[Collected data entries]
○ ○ ○ ○ ○
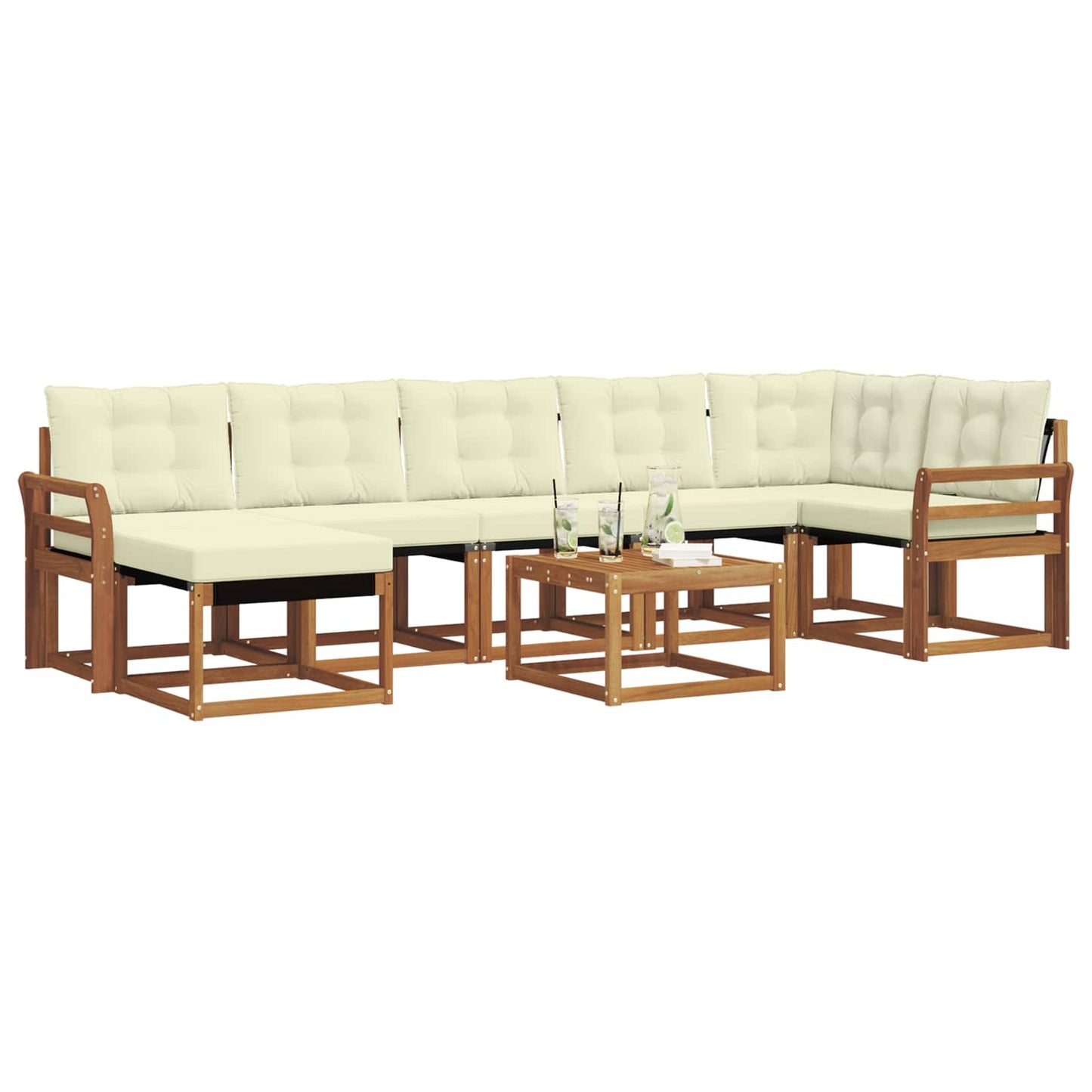 Buiten bankenset met kussen 8 pcs Natuurlijk en Crème is nu te koop bij PeponiXL, paradijselijk wonen!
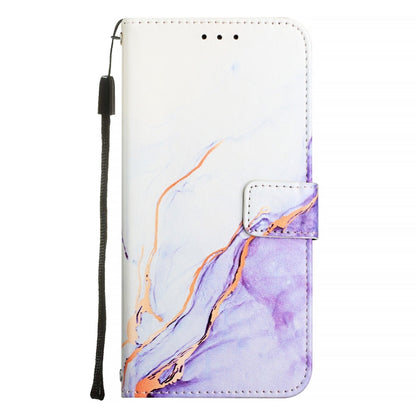 For iPhone SE 2024 PT003 Marble Pattern Flip Leather Phone Case(White Purple LS006) - More iPhone Cases by buy2fix | Online Shopping UK | buy2fix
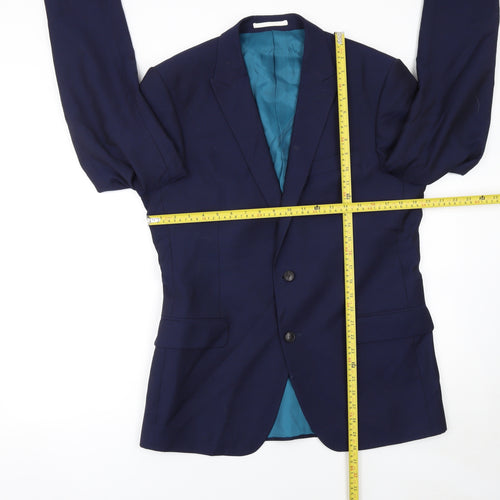 Marks and Spencer Men's Blue 40in Regular Wool Suit Jacket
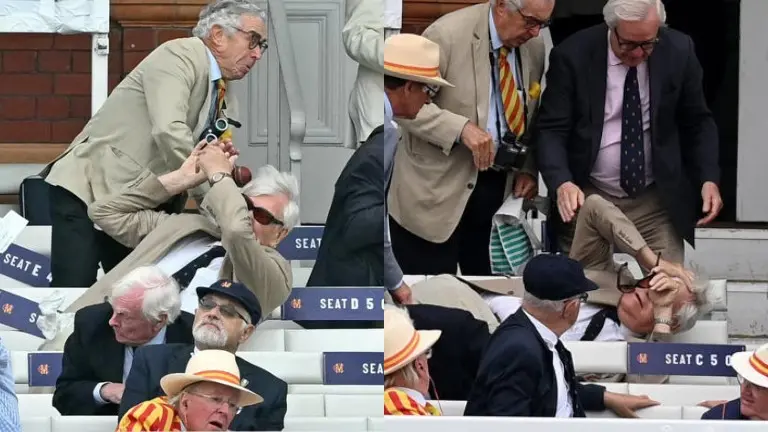 Ouch! MCC Member Struck in the Head by a Six Smashed by Sri Lanka Batter During 2nd Test at Lord's MCC member hit by a ball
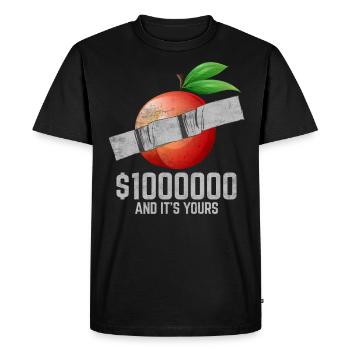 Ruban adhésif nectarine Fruit amant citation drôle - T-shirt Premium bio Homme - noir - Devant - Nico (187cm)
○ ○ ○ ○ ○
- _Aim of the exercise_
Without any of the pictures, set the entries down again exactly as written.

- _Task response_
 Buiten bankenset met kussen 8 pcs Natuurlijk en Crème is nu te koop bij PeponiXL, paradijselijk wonen!
 For iPhone SE 2024 PT003 Marble Pattern Flip Leather Phone Case(White Purple LS006) - More iPhone Cases by buy2fix | Online Shopping UK | buy2fix
 Marks and Spencer Men's Blue 40in Regular Wool Suit Jacket
 Ouch! MCC Member Struck in the Head by a Six Smashed by Sri Lanka Batter During 2nd Test at Lord's MCC member hit by a ball
 Ruban adhésif nectarine Fruit amant citation drôle - T-shirt Premium bio Homme - noir - Devant - Nico (187cm)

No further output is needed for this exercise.